*** SOURCE DATA

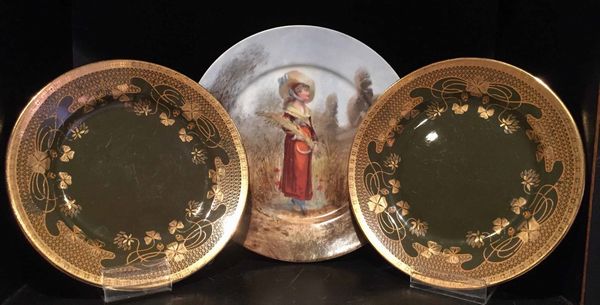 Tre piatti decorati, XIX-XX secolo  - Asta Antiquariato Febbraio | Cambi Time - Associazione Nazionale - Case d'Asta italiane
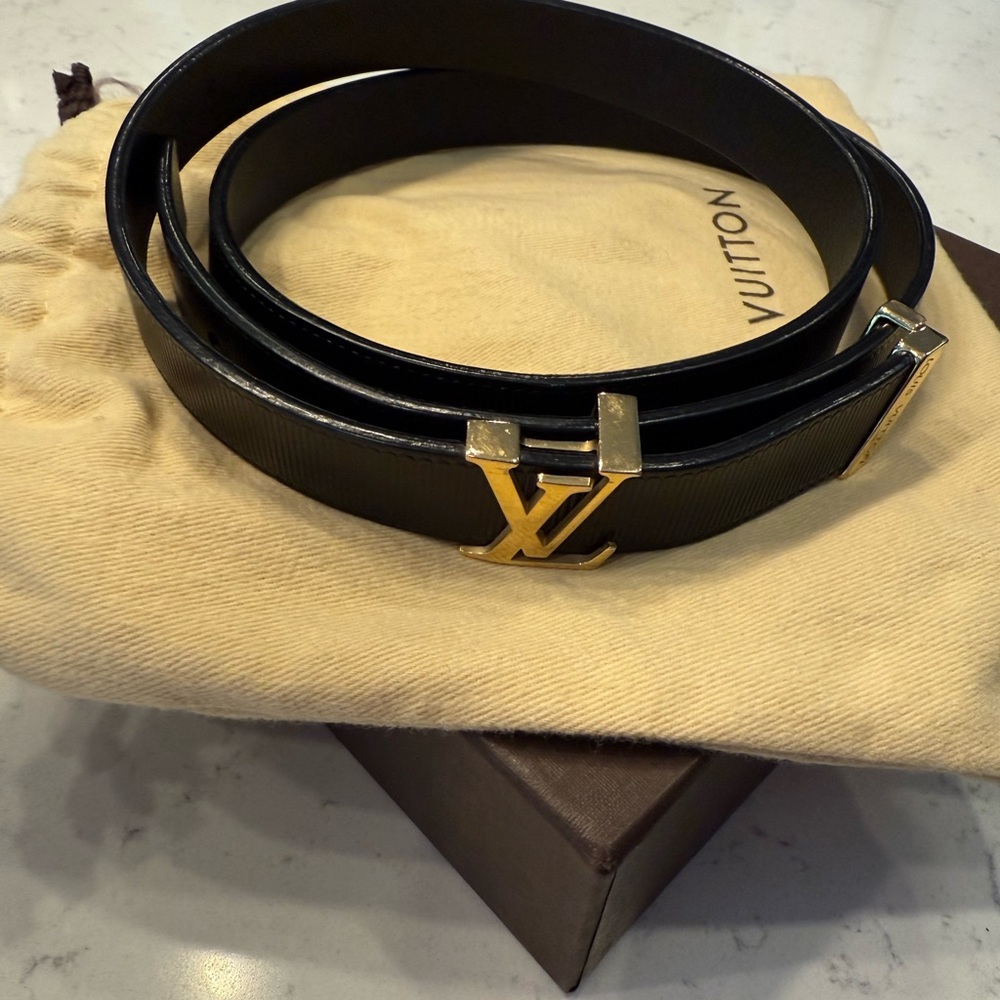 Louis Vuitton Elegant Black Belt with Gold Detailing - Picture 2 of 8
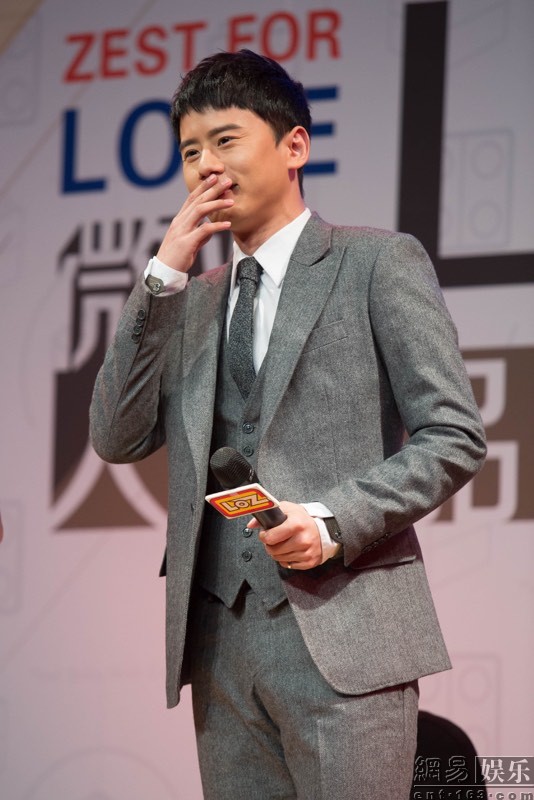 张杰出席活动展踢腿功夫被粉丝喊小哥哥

******

* _DESCRIPTION OF THE TASK_
Skipping any images, write out all the data exactly.

* _YOUR SOLUTION_
 Tre piatti decorati, XIX-XX secolo  - Asta Antiquariato Febbraio | Cambi Time - Associazione Nazionale - Case d'Asta italiane
 Louis Vuitton Elegant Black Belt with Gold Detailing - Picture 2 of 8
 张杰出席活动展踢腿功夫被粉丝喊小哥哥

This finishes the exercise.